- Stored dataset items:

---------------

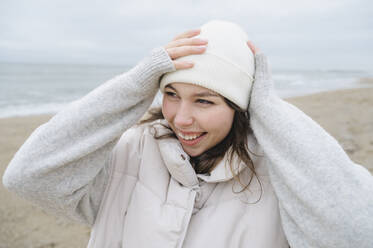 Glückliche Frau mit Strickmütze am Strand - ALKF00182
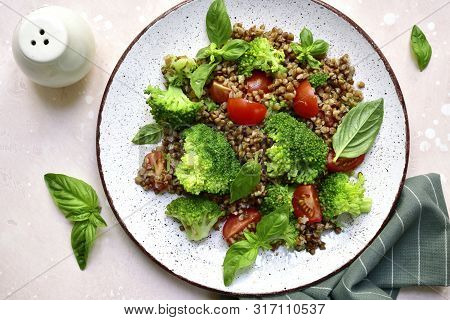 Buckwheat Salad With Vegetables On A White Plate Over Light Pink Slate, Stone Or Concrete Background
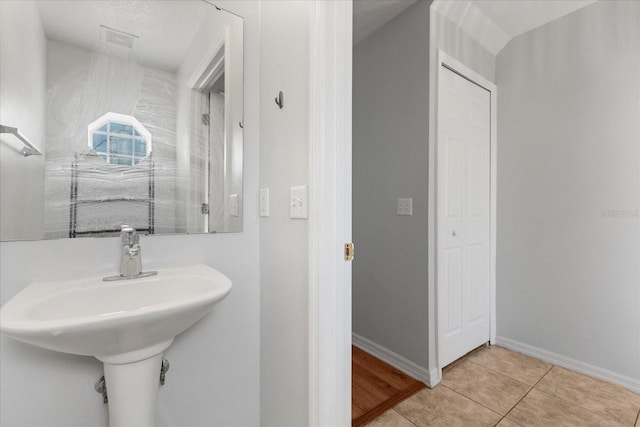 2741 Merrieweather Ln, Kissimmee, FL 34743 - bathroom with baseboards, visible vents, and tile patterned flooring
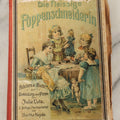 Lot 166 - "The Hard Working Doll Tailor: Instructions And Whispers How To Dress A Doll" Antique German Book By Julie Lutz, Fifth Edition, With Full Color Plates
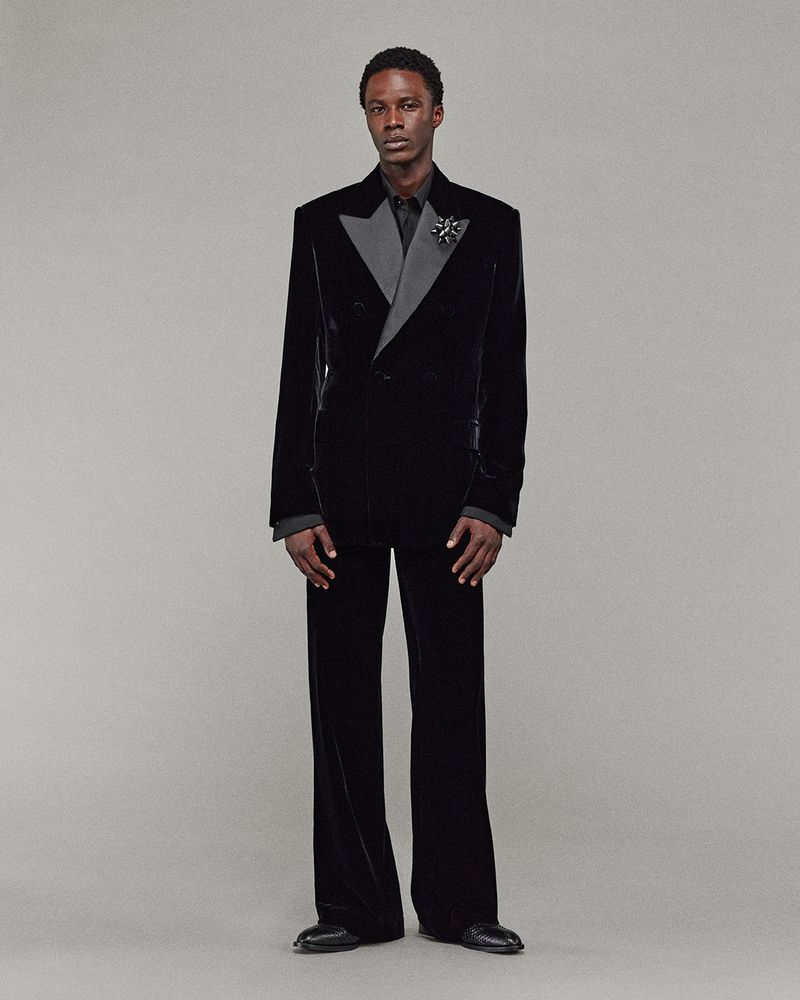 An adult male model stands in a black velvet double-breasted suit with wide-legged pants, accessorized with a lapel pin on a grey background.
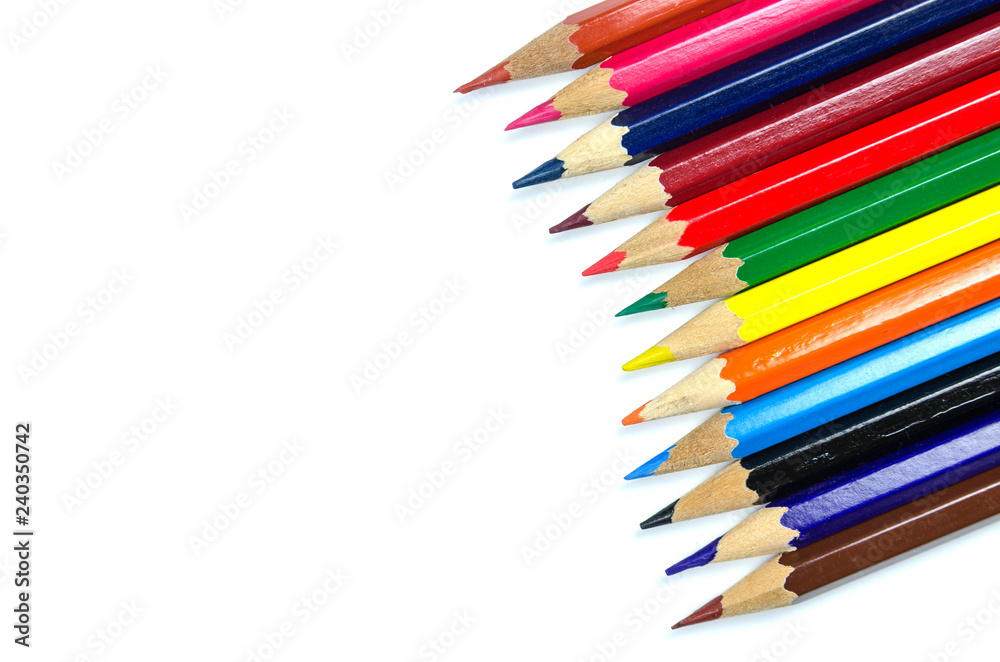 Multi colored pencils on white background Multi colored pencils on white background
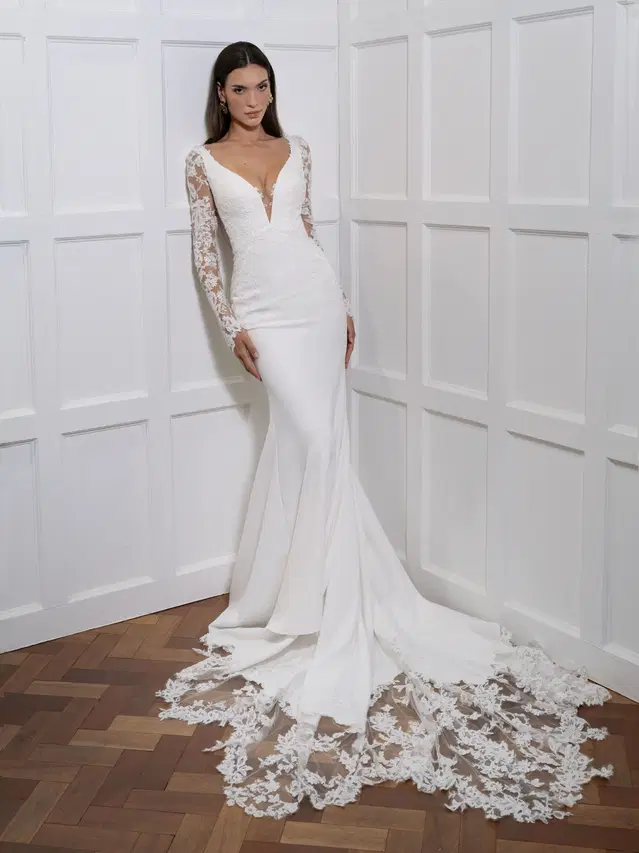 Cortina by Avenue by Josephine Scott: Trumpet silhouette, deep V-neck neckline, long sleeves, lace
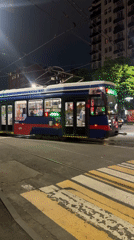 Blue-red-white tram 479 crosses Komgaron intersection at night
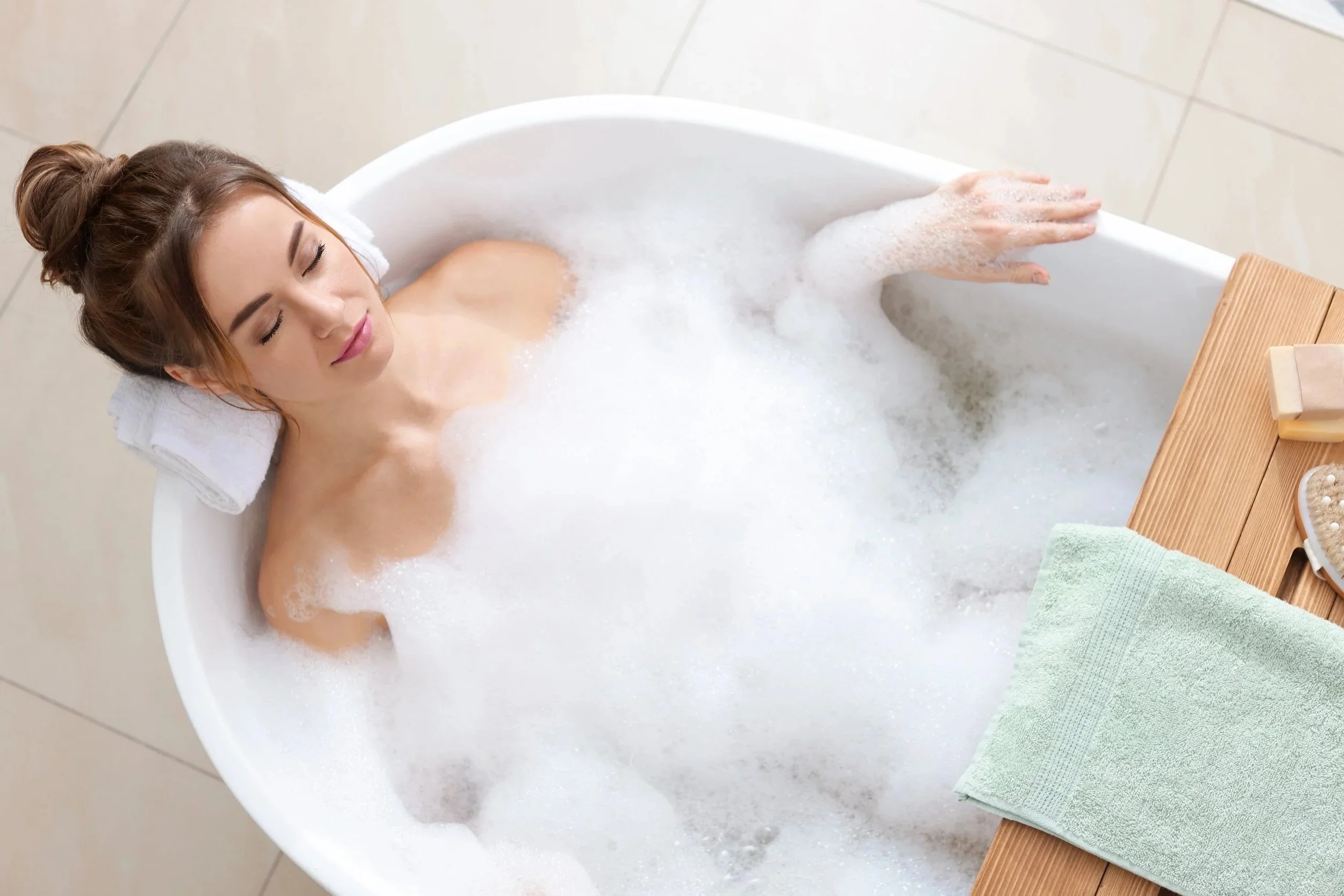 Woman having a bubble bath after boiler service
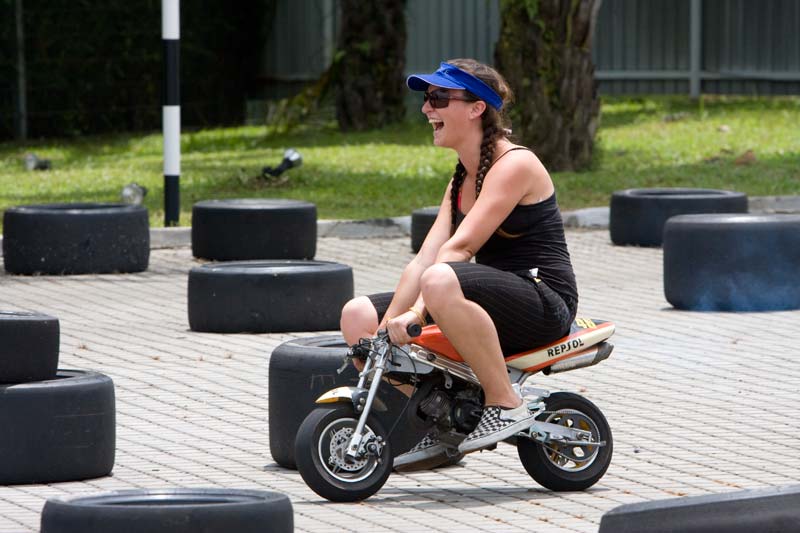 tourist girl on mini bike Malaysia Pictures - Kuala Lumpur Pictures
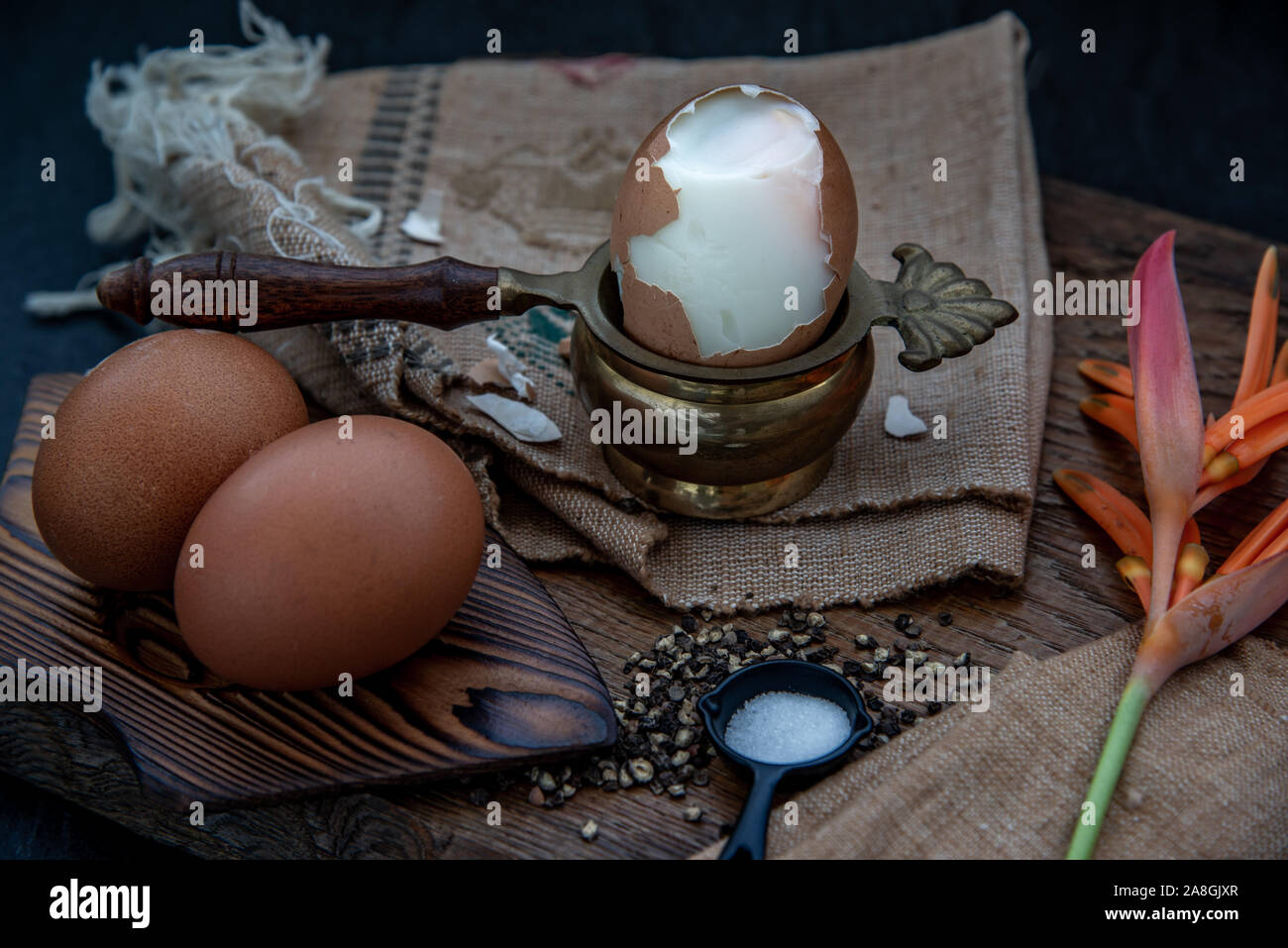 Boiled eggs with salt and pepper on beautiful wooden background ...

---------------

- Task directions: Starting with the line that holds "Buckwheat Salad With", print each line through the last one of the data exactly as written, but do not include the pictures.

- Output of the task:
 Buckwheat Salad With Vegetables On A White Plate Over Light Pink Slate, Stone Or Concrete Background
 2741 Merrieweather Ln, Kissimmee, FL 34743 - bathroom with baseboards, visible vents, and tile patterned flooring
 Lot 166 - "The Hard Working Doll Tailor: Instructions And Whispers How To Dress A Doll" Antique German Book By Julie Lutz, Fifth Edition, With Full Color Plates
 An adult male model stands in a black velvet double-breasted suit with wide-legged pants, accessorized with a lapel pin on a grey background.
 Multi colored pencils on white background Multi colored pencils on white background
 Cortina by Avenue by Josephine Scott: Trumpet silhouette, deep V-neck neckline, long sleeves, lace
 Blue-red-white tram 479 crosses Komgaron intersection at night
 Woman having a bubble bath after boiler service
 tourist girl on mini bike Malaysia Pictures - Kuala Lumpur Pictures
 Boiled eggs with salt and pepper on beautiful wooden background ...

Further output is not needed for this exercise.